Write out every line below again exactly as it stands, skipping each image.

▶ [RECORDED DATA]
* * * * * * *
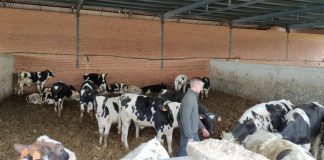 “La situación es insostenible, nuestro grado de desesperación sube por minutos”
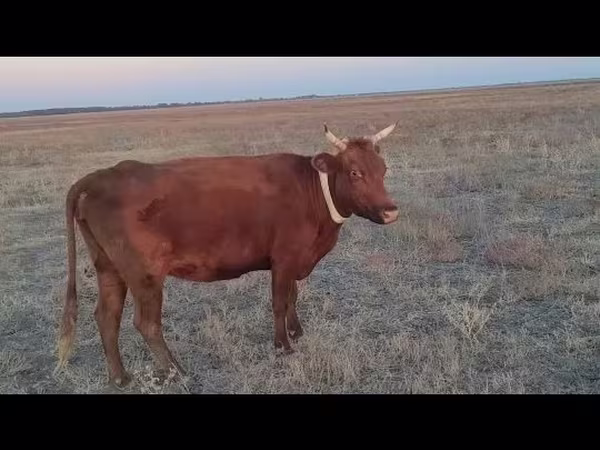 Уй, Көк сиыр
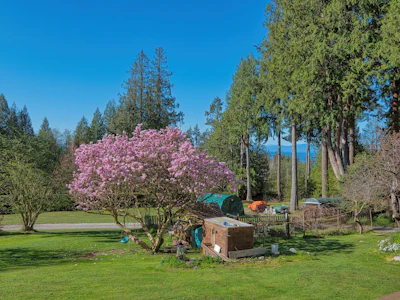 1106 A B Gladwin Trail Road - 5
* * * * * * *
▶ [ANSWER SPACE]
 “La situación es insostenible, nuestro grado de desesperación sube por minutos”
 Уй, Көк сиыр
 1106 A B Gladwin Trail Road - 5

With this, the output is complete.